Thanks for the empathy, people! This case is only once a week so I can deal. Most of the parents I work for are very liberal with the Thank You's, so its not like I work deprived of gratitude.

But the other thing (besides traveling in inclement weather) is that I'd like to be thanked for is WORKING A HOLIDAY. If I'm up all night beside your child's bed while my kids are dreaming of sugarplums at home on Christmas Eve, please show some gratitude. I'm giving up being w my family so I can help yours, so just say those two little words, please!

Nice anecdote- several years ago on Easter Eve, my A&O teen client was so enthusiastic for my kids' Easter morning and felt so bad they would have to wait for me to come home (10am finish time) that she called the agency beforehand and absolutely insisted I leave at 8a so I could spend time w my family. I tried to tell her it was ok, I chose to work, but she was insistent. Plus she wrote letters to my kids as the "Easter Bunny" for me to give to them. She used cutsie handwriting, the kids totally bought it! ;)

I WAS that dedicated. I no longer do things like this. The families don't appreciate it and neither does the agency. I work every shift I agree to, but no longer fill in. If the driving conditions are questionable, I stay home. Why should I put myself in danger when the parents are very capable of caring for their own child on occasion.

I also no longer work holidays. While my children are small, I will be at home with them where I need to be. Period.
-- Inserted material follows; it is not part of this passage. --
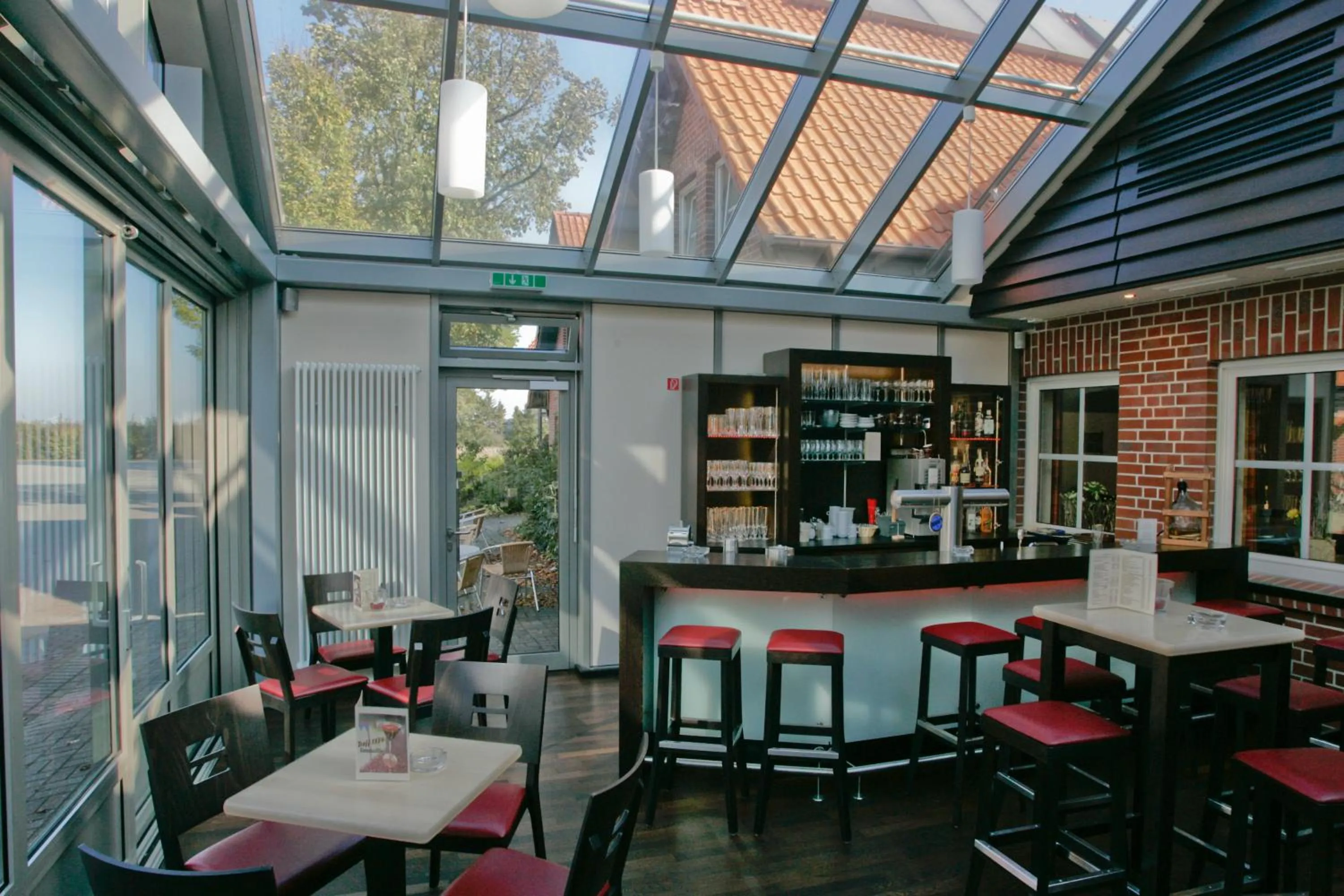 Communal lounge/ TV room in Landhotel Hermannshöhe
That's one of the reasons I stay in PDN - the hours are so flexible.

(I'm sure I'll be on the receiving end of some unkind words because of my refusal to work holidays. However, as much as I love nursing, I work to live - not live to work. My kids will only be little once.)

As a nurse, you shouldn't "expect" a thank you. Yes, it's frustrating not to get one, but nursing can be a thankless job. You are there to provide care, not be thanked for everything you do. Put yourself in their shoes, they probably don't think about thanking you, they're stressed. I've lost count of the times I'm not thanked, but I don't take it personal. I don't do it for thanks, and I don't need one to know I do a good job. I

Specializes in Complex pedi to LTC/SA & now a manager.

I get that this is a vent not an expectation of thanks for doing your job.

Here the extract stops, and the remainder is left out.